• WHAT TO PRODUCE
Output all of the lines below exactly, and leave out each image.

• RECORD SET
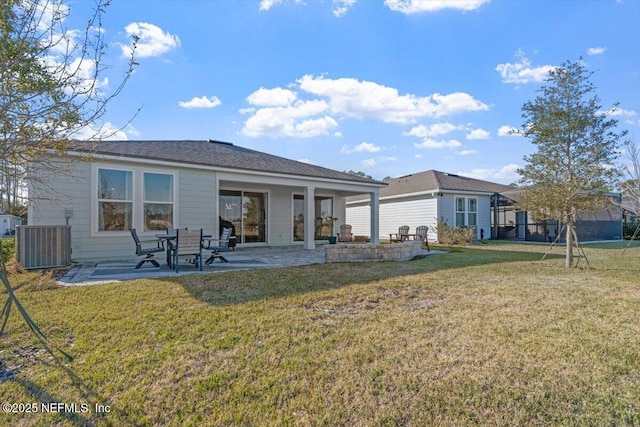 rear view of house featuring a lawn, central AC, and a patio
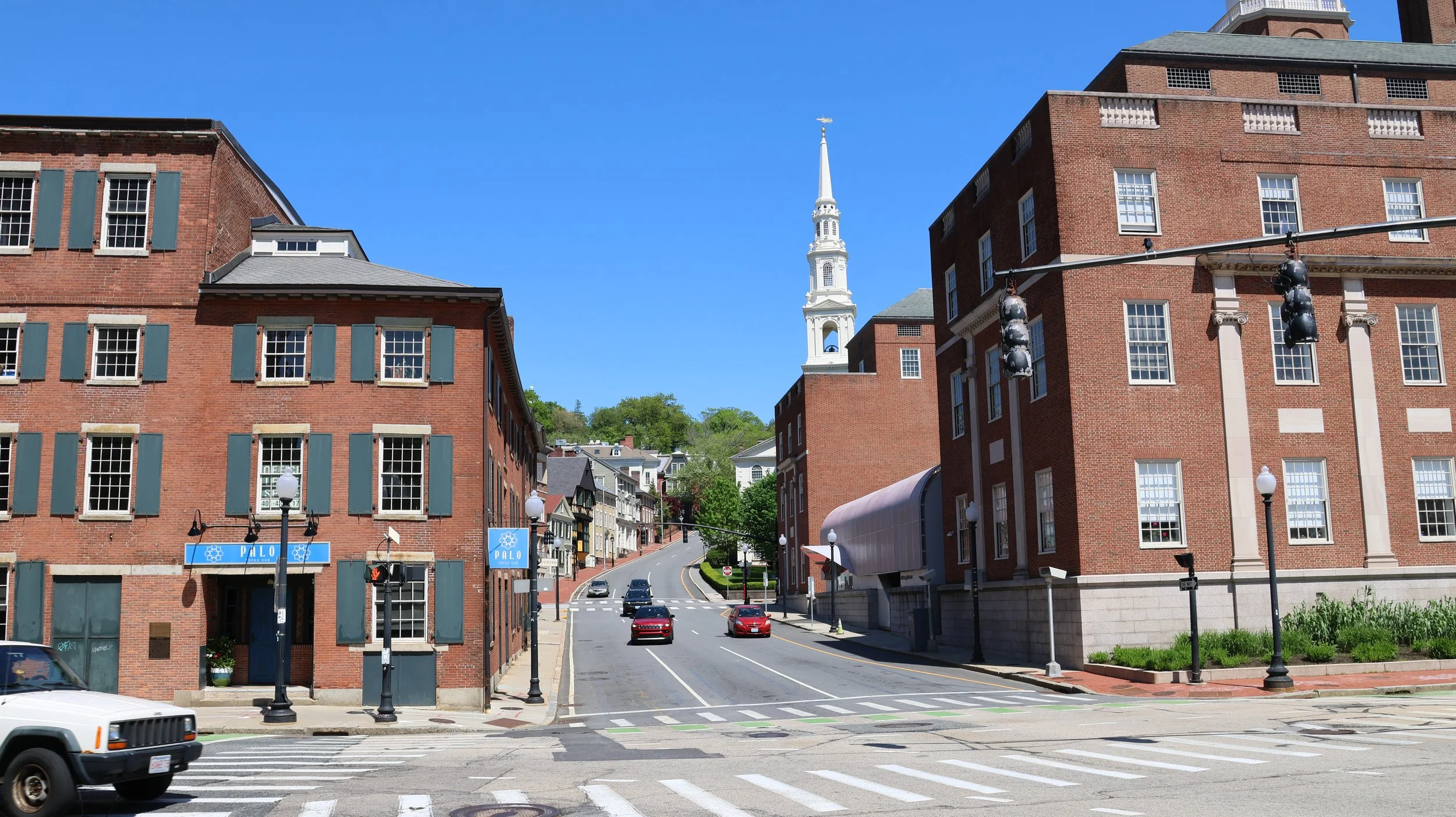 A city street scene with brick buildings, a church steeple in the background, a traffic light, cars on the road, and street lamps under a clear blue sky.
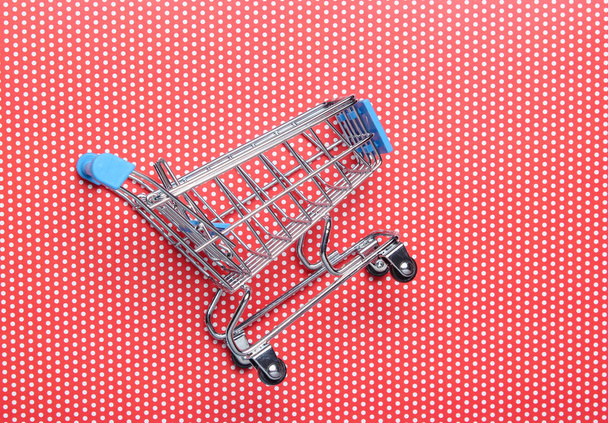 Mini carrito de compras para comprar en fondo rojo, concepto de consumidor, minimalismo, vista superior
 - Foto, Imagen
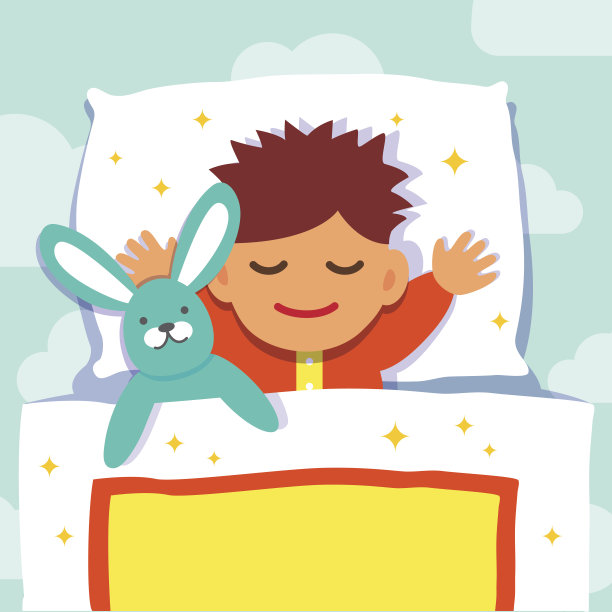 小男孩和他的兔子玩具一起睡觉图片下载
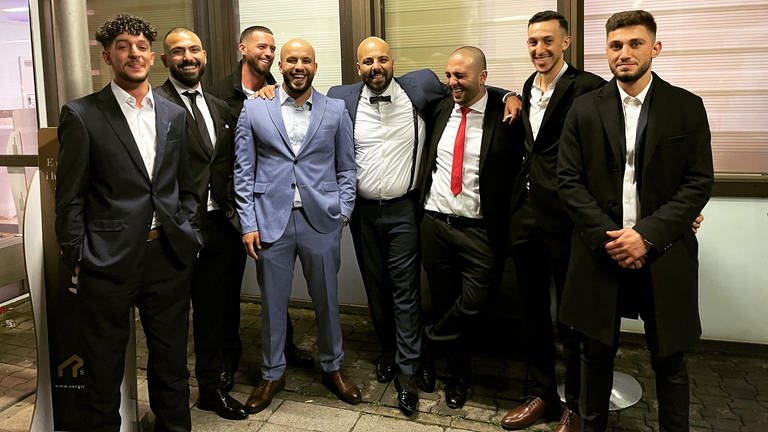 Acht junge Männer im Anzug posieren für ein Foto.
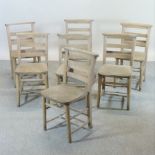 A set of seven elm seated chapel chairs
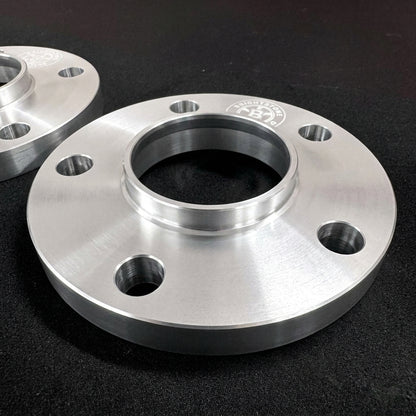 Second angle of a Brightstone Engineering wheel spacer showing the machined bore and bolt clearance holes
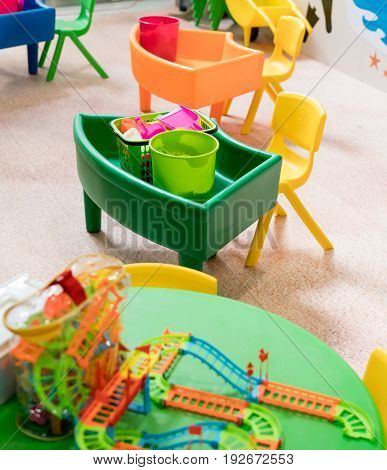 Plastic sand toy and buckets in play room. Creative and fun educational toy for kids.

• THE COMPLETED TASK
 rear view of house featuring a lawn, central AC, and a patio
 A city street scene with brick buildings, a church steeple in the background, a traffic light, cars on the road, and street lamps under a clear blue sky.
 Mini carrito de compras para comprar en fondo rojo, concepto de consumidor, minimalismo, vista superior
 - Foto, Imagen
 小男孩和他的兔子玩具一起睡觉图片下载
 Acht junge Männer im Anzug posieren für ein Foto.
 A set of seven elm seated chapel chairs
 Second angle of a Brightstone Engineering wheel spacer showing the machined bore and bolt clearance holes
 Plastic sand toy and buckets in play room. Creative and fun educational toy for kids.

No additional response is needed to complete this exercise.